I love newspapers! I can get lost in newspaper research looking for my ancestor and trying to discover something new about them. I research newspapers nearly every day. I will be sharing some of my insights in this blog and soon in videos. Have a newspaper hint? Share it with me in the comments below.
Looking at newspapers in December and January is one of the best sources for details of all the goings on in your family’s neighborhood. Even if I don’t find my relative’s name, I often discover things about his relatives, town, county, industry, or profession. I thought I would share some considerations from a recent search. A hundred-year-old article from the January 17, 1924 edition of the Eldon Advertiser of Eldon, Missouri listed fishing and hunting permits issued in 1923 by the County Clerk to citizens of Morgan County. I like to wring every detail from a source. What can we discern from this story? Below are my “takeaways.” Do you have any to add?
- What Happened? Sometimes you can find your ancestor’s name in the newspaper for something mundane he/she did last year. Those items often appear in December or January.

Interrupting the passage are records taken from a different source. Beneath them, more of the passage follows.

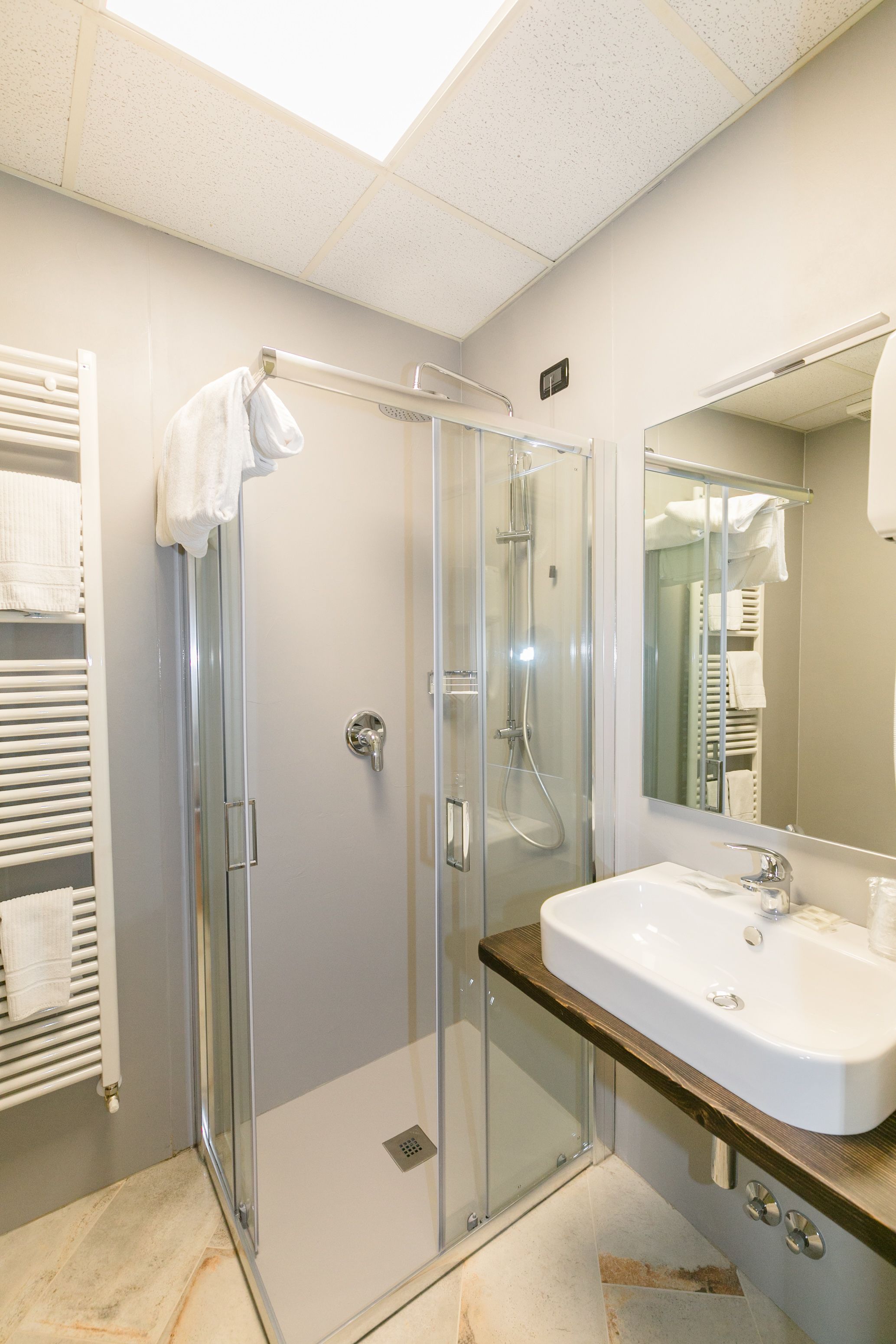 Une salle de bain moderne avec une douche à parois de verre, un lavabo blanc et un grand miroir.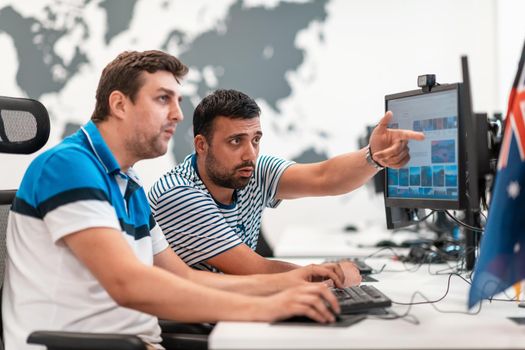 Group of Casual businessmen working on a desktop computer in modern open plan startup office interior. Selective focus. High-quality photo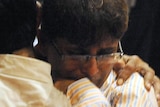 Two people console each other outside a hospital casualty ward in Mumbai.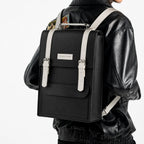 Person wearing a black backpack with white straps on a white background
#color_charcoal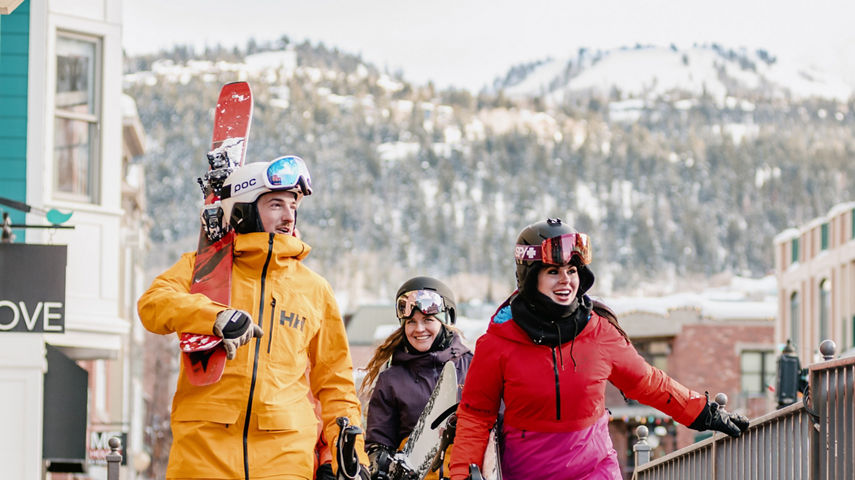 Lifestyle Shot of Friends in Ski Gear Walking Through the Village at Park City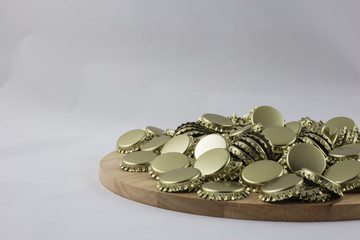 Pile of bottle caps on a wooden tray with white background.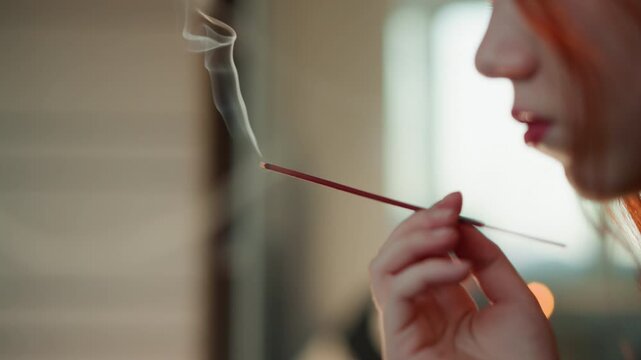 Serene fragrant ritual. Calming smoke and warm illumination. Gentle woman performs soothing cleansing with fragrant smoke. Woman breathes out incense smoke beside softly glowing window light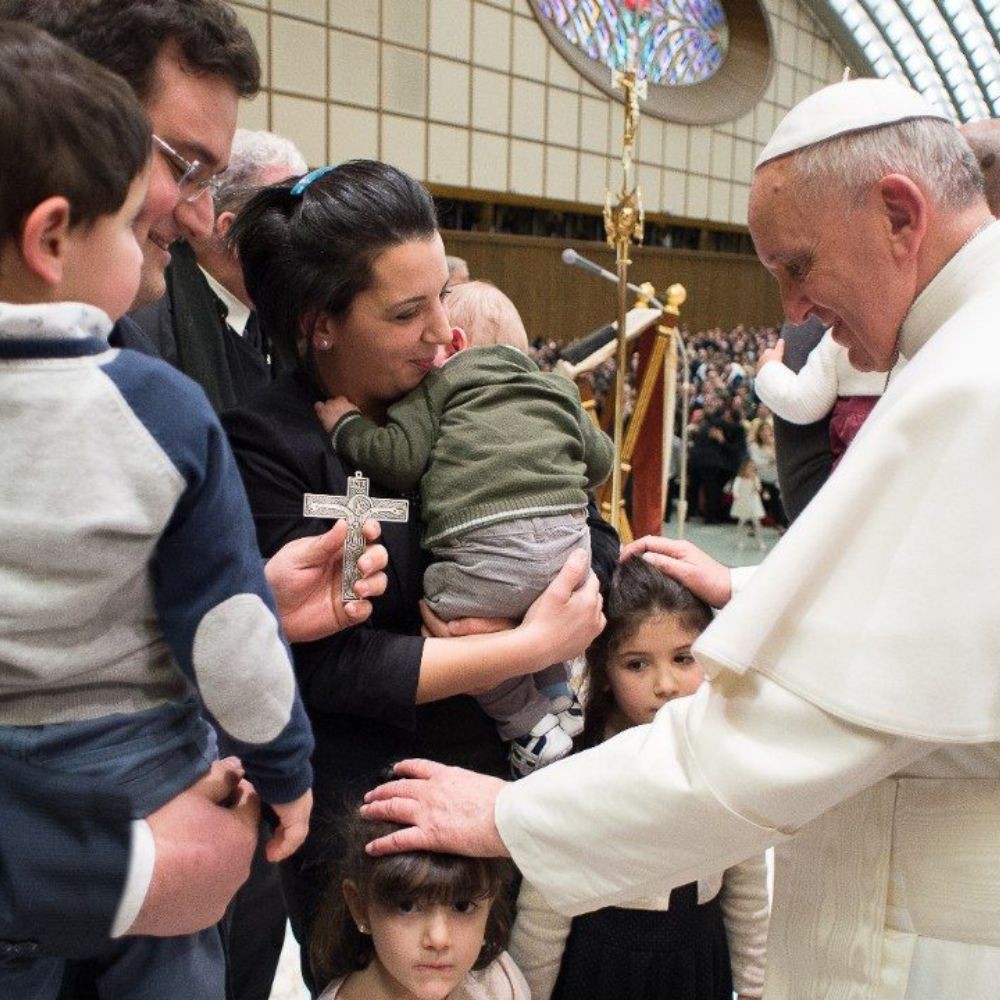 Pope Francis blessing two children with their parents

- Locality. The source might be in a contiguous county or state. Eldon Missouri is in Miller County, east of Morgan County, where my grandparents lived.
- Ask Not Why. Newspapers need content. They often get it from other sources, many of which are in the same area or would be of general interest to their readers but sometimes they include seemingly random details that can be useful as indirect information.
- What Name? Pay attention to how the name is listed – especially if it is a legal source. While not always the case, if someone sought a license or permit at the courthouse they were (at least in theory) more likely to use their legal name. My grandfather Carl C. Siegel was often referred to with other versions of his name: Charles/Charley/Chas/C.C. Siegel. I have a list of variations of first and last names of my ancestors and I pull out that list when I do searches.
- Who Else Is There? What other names can I recognize? Do they bear any relation to my grandfather? This list is tricky, because there are tons of names that are familiar. There are a few other relatives (cousin Harold Siegel & uncle F.H. Siegel), some “other line” Siegels who are not direct relatives (O.E. Siegel), family friends/neighbors include (A. F. Oehrke and Glenn Mertgen). They may or may not be relevant. In this instance, they likely are chronologically listed in order they sought the permit.
- Novelty of Change? I have to wonder if hunting and fishing licenses was a new requirement and thus might have made the list “newsworthy” in 1924. News often follows changes in laws or regulations.
Analyzing the source of information can lead to other ideas and fill in some of the details of a life.
What do I know about my grandfather’s life in 1923-24? In the early 1920s Carl was a widow with three young boys. His sister moved in with him to help care for the children after the death of his wife in April 1919. Carl moved into the town of Florence and bought a house and the general store in 1921. Running the store was a seemingly round-the-clock job so I have often wondered when he (and later he, my grandmother Roma and the boys) slept.
Carl had grown up on a farm in rural Morgan County and had a hunting rifle. I have several pictures of Carl fishing so I know he liked to fish. I don’t remember picture of hunting but I’m sure he did that too.
The additional information from this list in the newspapers is not a revelation but it did make me think about Grandpa and what his life was like in 1924. I hope you will use this example to go huntin and fishin in your tree too!